SOURCE DATA ▸
************
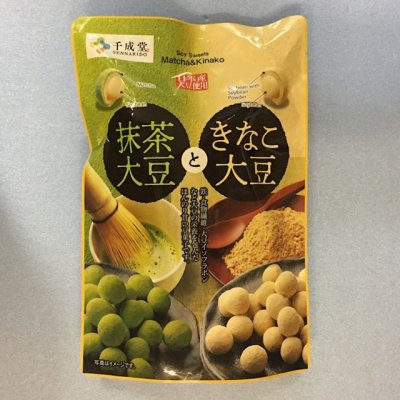 抹茶大豆ときなこ大豆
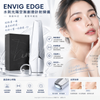 ENVIG EDGE 水刺光隔空無創微針射頻儀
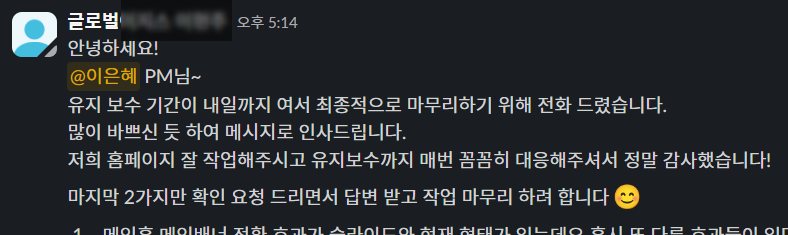 Frame 1261159727.png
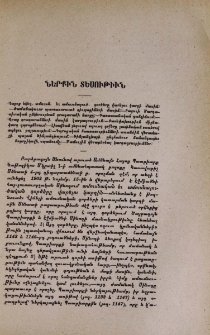 Ներքին տեսութիւն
************
WHAT IS BEING ASKED ▸ Every line in the data above needs to be given again exactly, pictures aside.

ANSWER TO THIS PROBLEM ▸
 抹茶大豆ときなこ大豆
 ENVIG EDGE 水刺光隔空無創微針射頻儀
 Frame 1261159727.png
 Ներքին տեսութիւն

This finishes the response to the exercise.